Although it draws on traditional of Hungarian home cooking, this is definitely a restaurant cookbook. While I’ve made a few favorites—gulyás (i.e. goulash), pörkölt (another paprika-based braise), lecsó (tomato and green pepper stew), sauerkraut, and the lavish Gundel-style crêpes with chocolate, rum, raisins, orange peel and walnuts—most of them are out of my league. Alas, but crayfish strudel, consommé with Tokay, goose liver in goose fat, veal medallions, stuffed pheasant à la Széchenyi, and “Gellért’s parfait bomb” will not be gracing the Wilson table any time soon.
Always last, but unjustly least, comes Slovak cuisine. You can find any number of odd homegrown cookbooks put together by immigrant communities in the U.S., usually church ladies of some kind or another, nearly always without context or explanation. (For instance, why cabbage rolls should always be boiled beyond recognition. Did they think undercooked cabbage was going to kill you?) But any true devotee has to get her hands on the Vel’ká farebná obrazová kuchárka, the “Big color picture cookbook.” My edition is from 1990, but given the fact that the Velvet Revolution took place in November 1989, it’s representative rather of Slovak cuisine under the limited access of communism, itself drawing on the conventions of traditional countryside cuisine. Which means you get an extraordinary kaleidoscopic recombinations of a limited number of ingredients. (Actually, this is a feature of any traditional peasant cooking. We once spent a month in rural Spain and discovered that rural Spaniards eat only Spanish food: amazing ham, terrible bread, tuna, chickpeas, and red peppers. It’s embarrassing how quickly the thrill was gone.)
This book, too, verges on the encyclopedia. Its soup section alone could occupy you for a year and inspire shame at the narrowness of your vision hitherto. What you have never thought to do with ham and potatoes is a nation of its own. There are uniquely, distinctively Slovak adaptations of Hungarian, German, Austrian, Balkan, Italian, Mexican, Indian, and Chinese flavors, and then truly bizarre concoctions out of left field, like a tower of pork and orange slices. You can make your own headcheese, or veal cutlets stuffed with hot dogs (really). They love things stuffed inside of other things. The cover photo for the section on “Meatless Meals” prominently features bacon. I’m sure I’ve tried half the desserts, from spongy layered slices to crumbly nut cookies, homemade by Slovak cooks. I can’t even tell you how hungry this book makes me.
Well, the world is still going to have to wait a while before I manage to extract an English-language cookbook of Slovak cuisine out of Ellen I. Hinlicky, who has been documenting Slovak home cooking almost as long as she has been my mother.
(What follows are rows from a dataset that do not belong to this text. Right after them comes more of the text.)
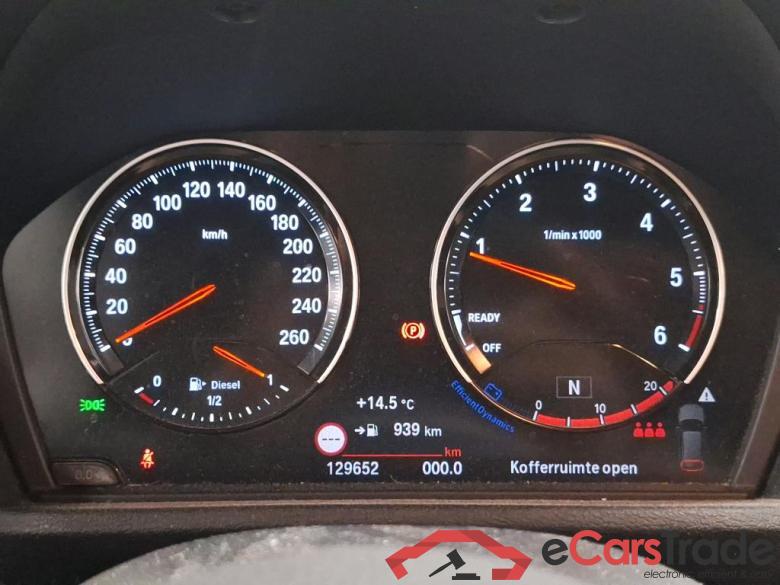 BMW - BMW X1 sDrive18d 136PK Pack Business & Cruise Control & Towing Hook #5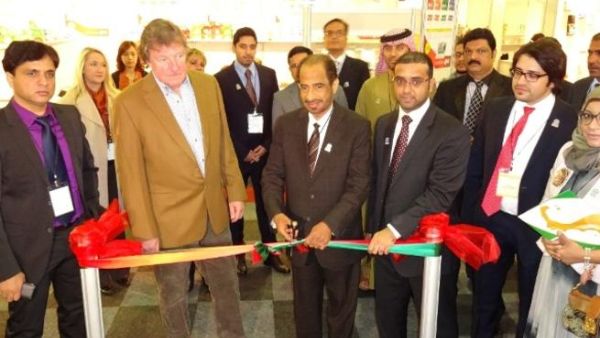 Africa Big Seven 2012 exhibition
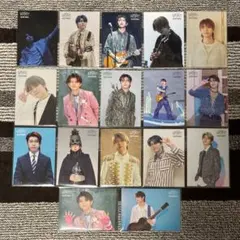 2025年最新】若井滉斗 フォトカード まとめ売りの人気アイテム - メルカリ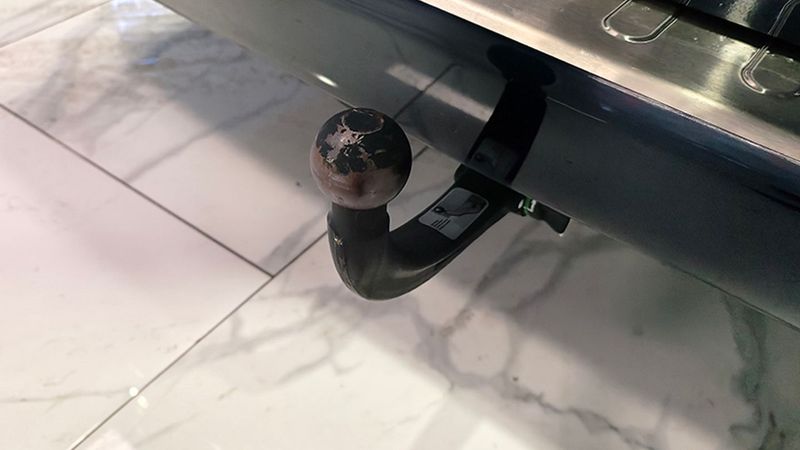 Mercedes-Benz 210 Van • 2018 • 99,731 km 14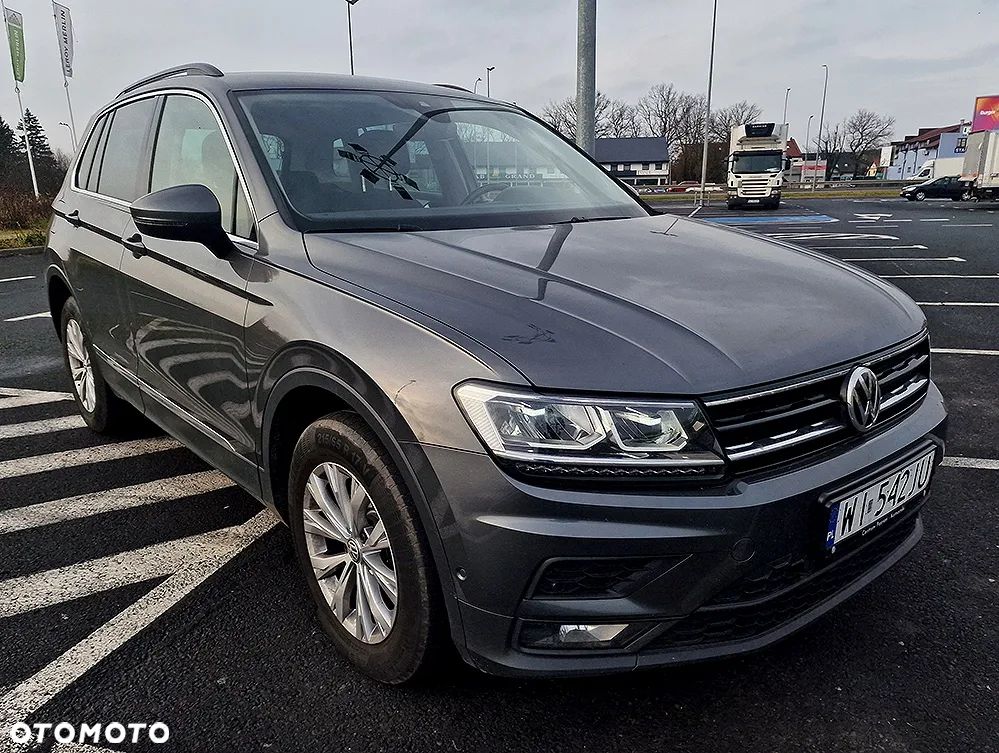 Volkswagen Tiguan 2.0 TDI BMT SCR 4Mot Highline DSG - 21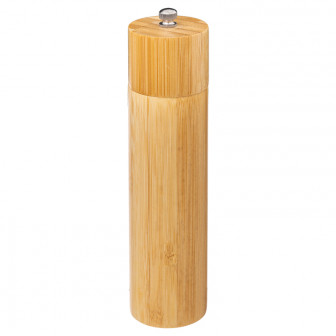 Secret De Gourmet Μύλος Αλατοπίπερου Bamboo 21cm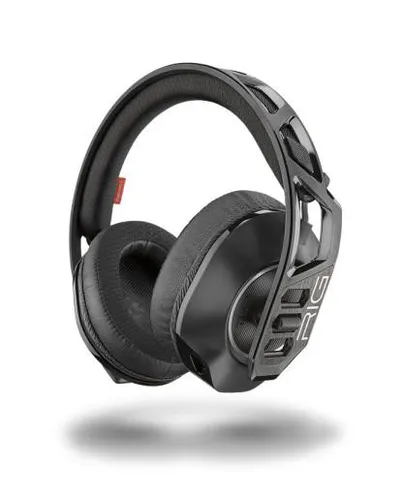 RIG 700HS Gaming-Headset - Kabelloses Audio für Gamer - Gaming-Headset mit Bluetooth-Konnektivität für kabelloses Spielen, leichtes Design und klaren Sound, ideal für lange Gaming-Sessions.
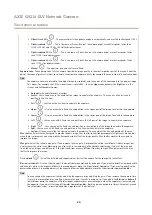 Предварительный просмотр 24 страницы Axis Q9216-SLV User Manual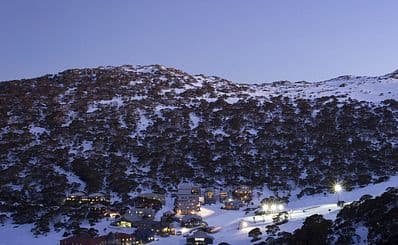 Charlotte Pass Snow Resort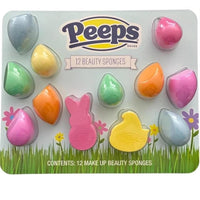 Peeps Beauty Sponges Set - Multicolor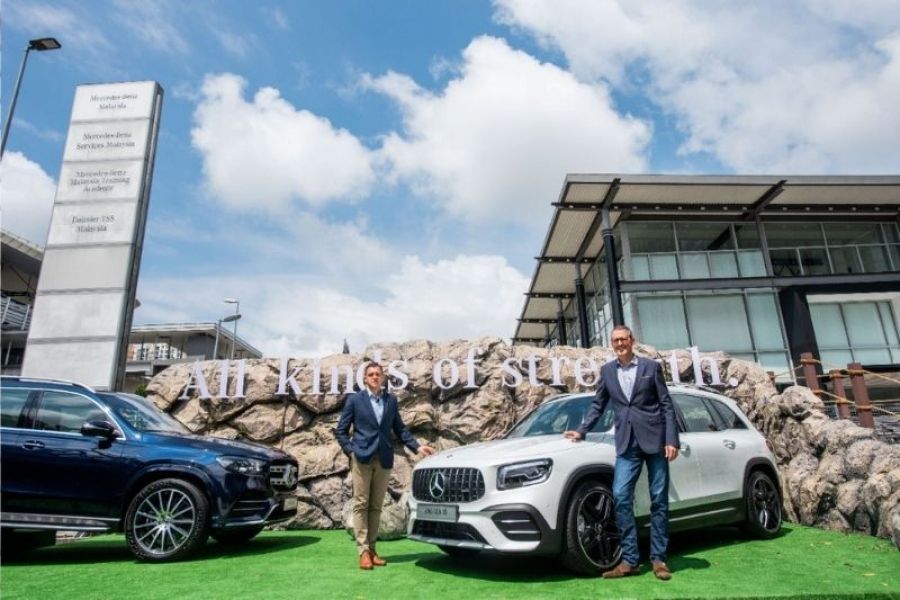 Mercedes-Benz Malaysia sets a comprehensive strategy for 2021. Kickstarts the year with additional online presence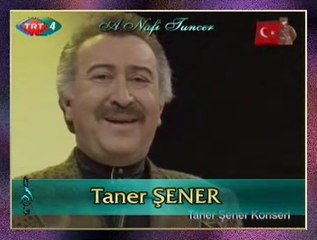 Taner ŞENER - Seneler Ne Olur Üstüme Gelmeyin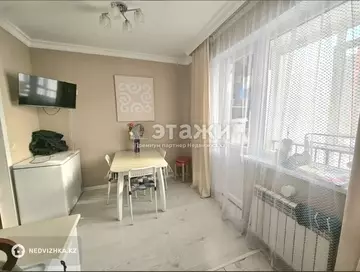 1-комнатная квартира, этаж 4 из 9, 45 м²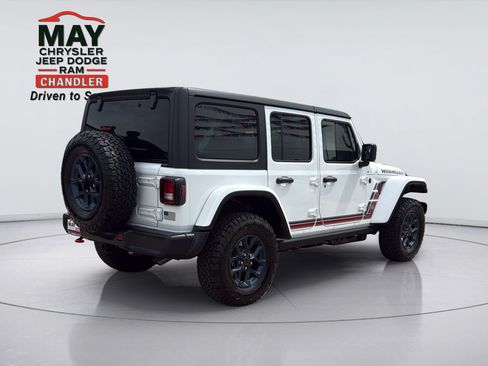 New 2026 Jeep Wrangler Unlimited Sport w/ Dual Top Group AWD/4WD image 7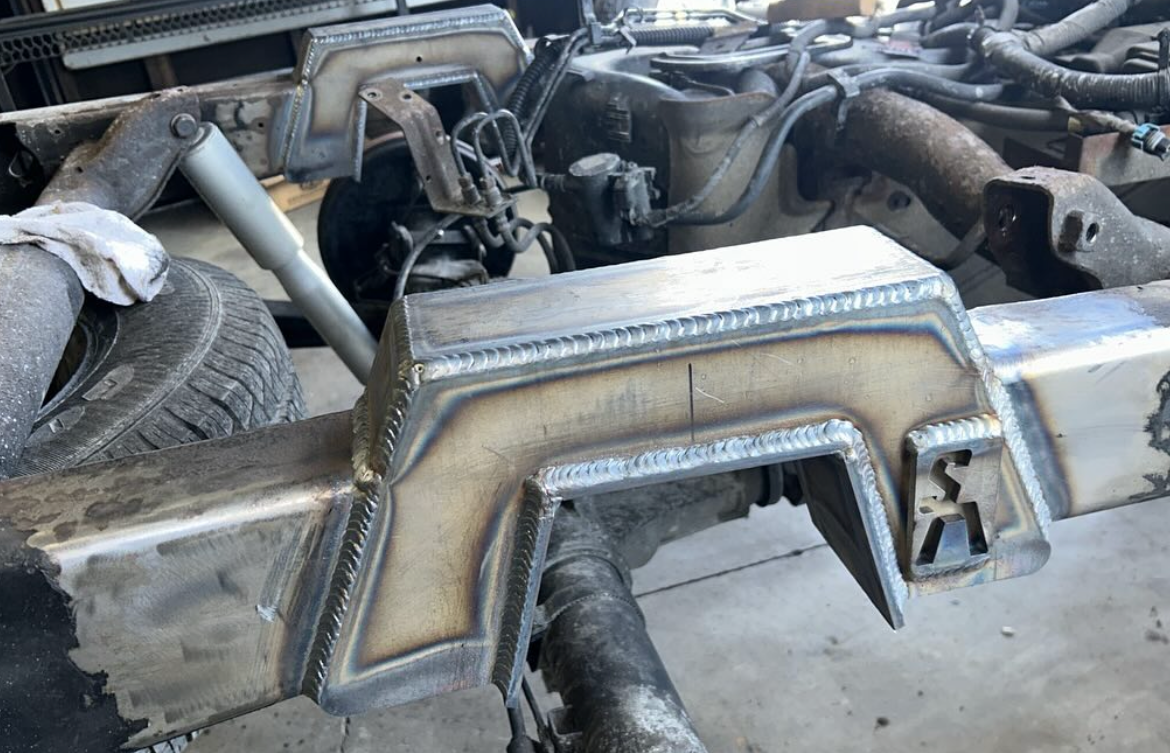 2007-2018 CHEVY GMC NNBS UNDERBED NOTCH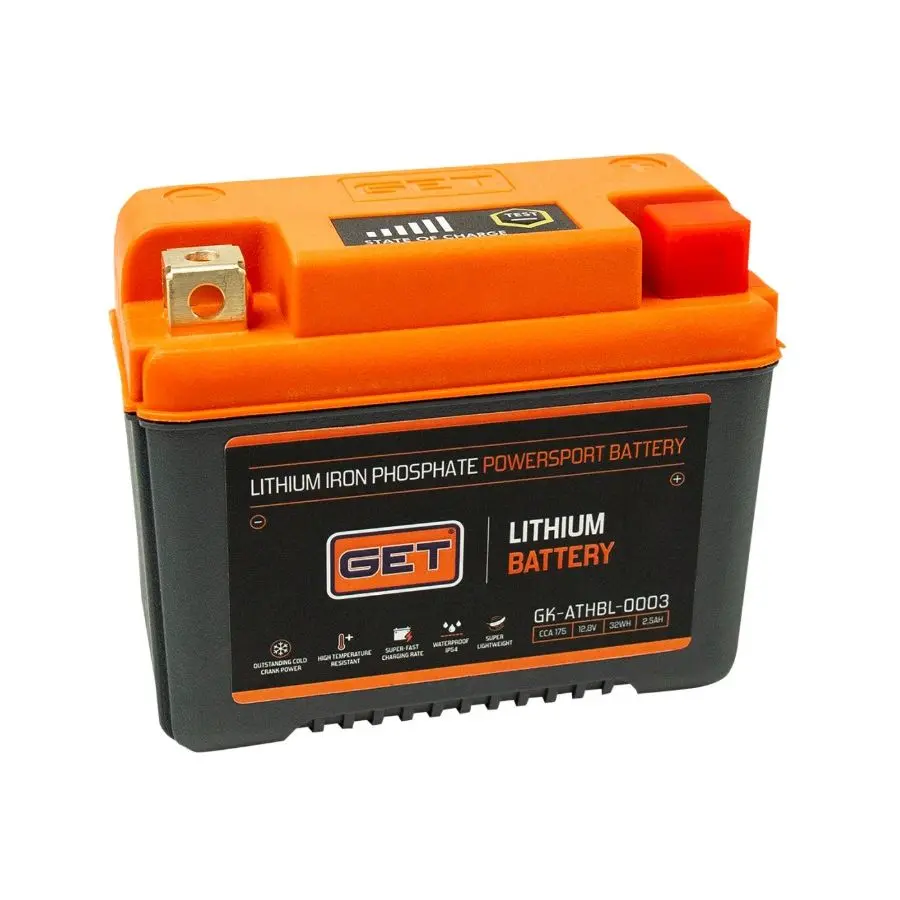 Get Beta Gk-Athbl-0003 Lithium Ion Battery 1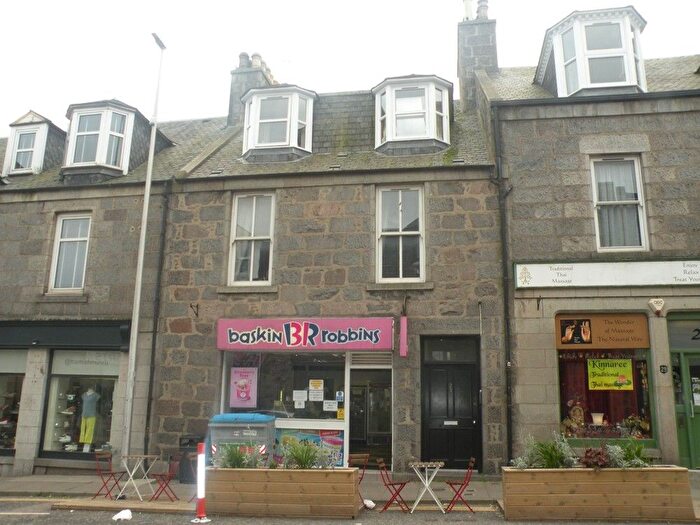 2 Bedroom Flat To Rent In Thistle Street, Aberdeen, AB10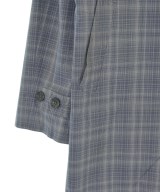 Turnbull&Asser（ターンブルアンドアッサー）ステンカラーコート グレー サイズ:40(M位) メンズ/2200682761031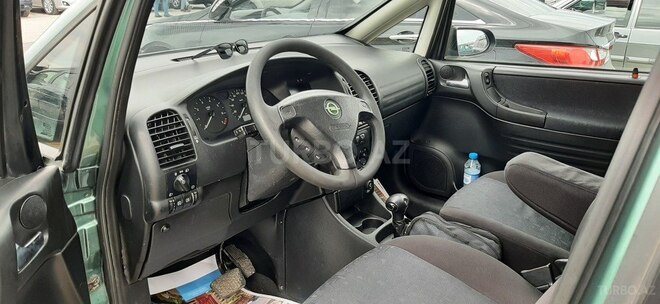 Opel Zafira 1999, 328,500 km - 1.8 л - Sumqayıt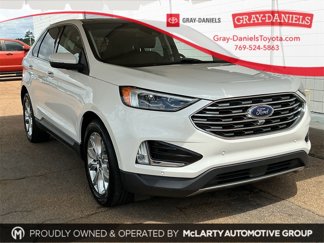 Used 2020 Ford Edge Titanium w/ Equipment Group 301A image 1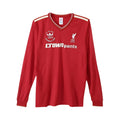 Liverpool Home 86/87 Football jersey - Liverpool Domicile FA Cup Final 86/87 - Manches Longues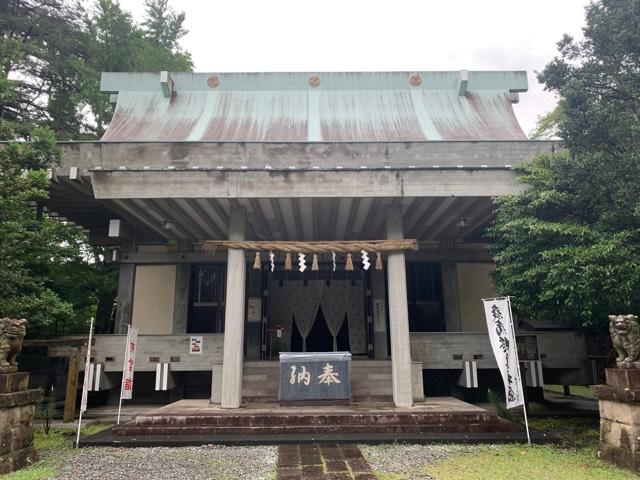 松原八幡神社の参拝記録1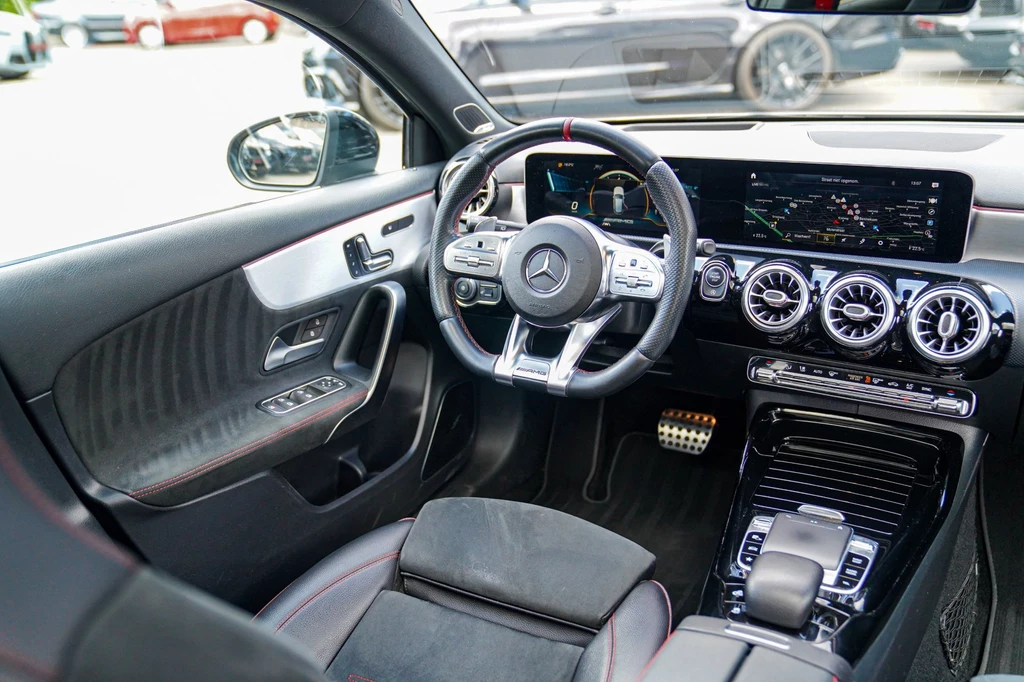 Mercedes-Benz A-Klasse – foto 35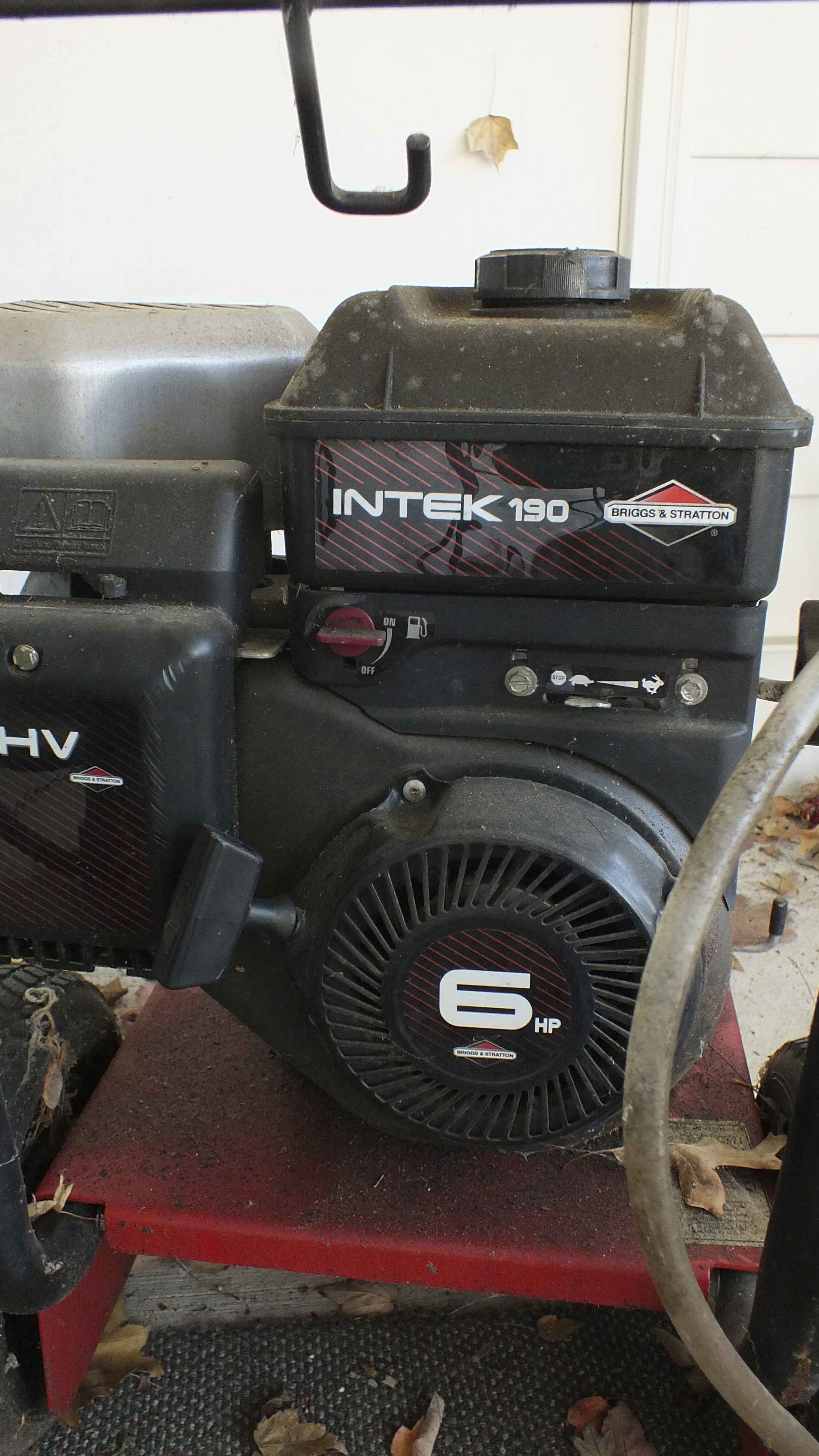 Generac Power Washer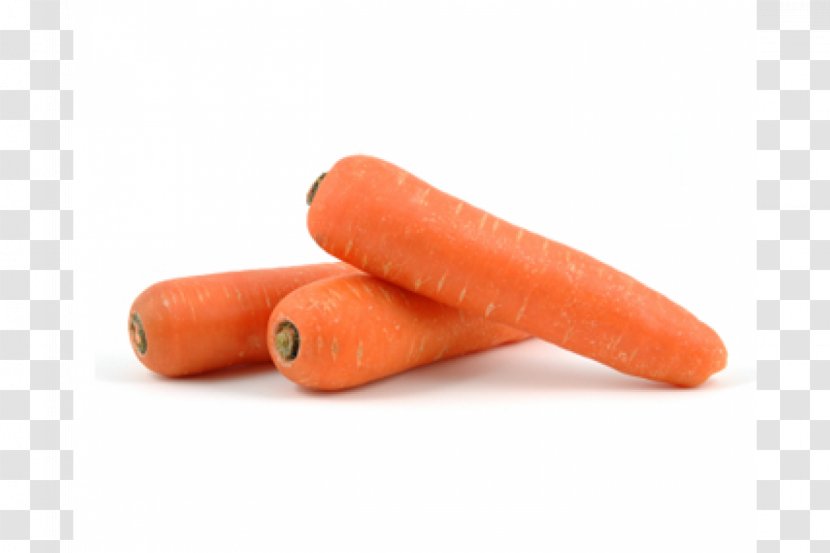 Organic Food Carrot Vegetable Fruit - Daucus Carota Transparent PNG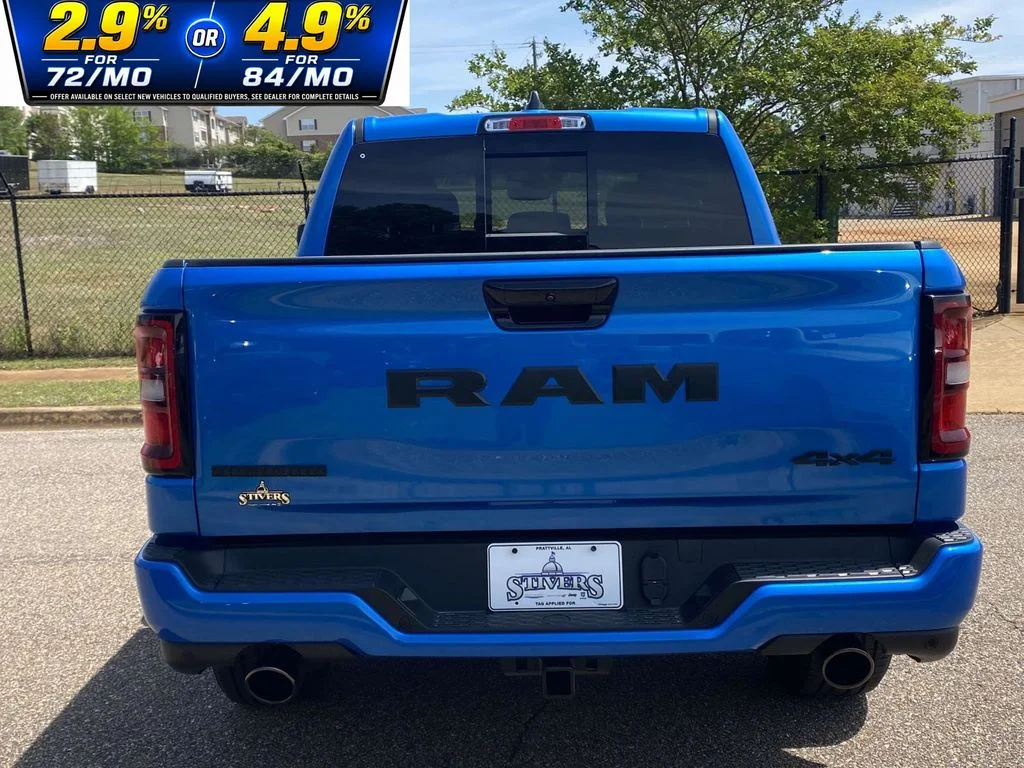 2026 RAM 1500 Big Horn/Lone Star - Photo 35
In the meanwhile, you’ll have to settle for the fourteen recipes at the end of my memoir—one for each chapter—to give you a little taste of what you’ve been missing: Anna’s Carrot Soup, Filled Pancakes, Fried Cheese, Poppy Seed and Walnut Rolls, Garlicky Cheese Spread, Stuffed Potato Pancake with Liver, Open-Faced Sandwiches, Sour Codfish Salad, Scrambled Eggs with Oyster Mushrooms, Marka’s Communist-Industrial Sheep Cheese Dumplings, Montenegrin Cutlet (my favorite of the bunch), Noodles with Poppy Seeds, Sweet-and-Sour Lentil Soup, and Mashed Potato Pizza. Mňam!
Or, to summarize the point of this post: forget Paris!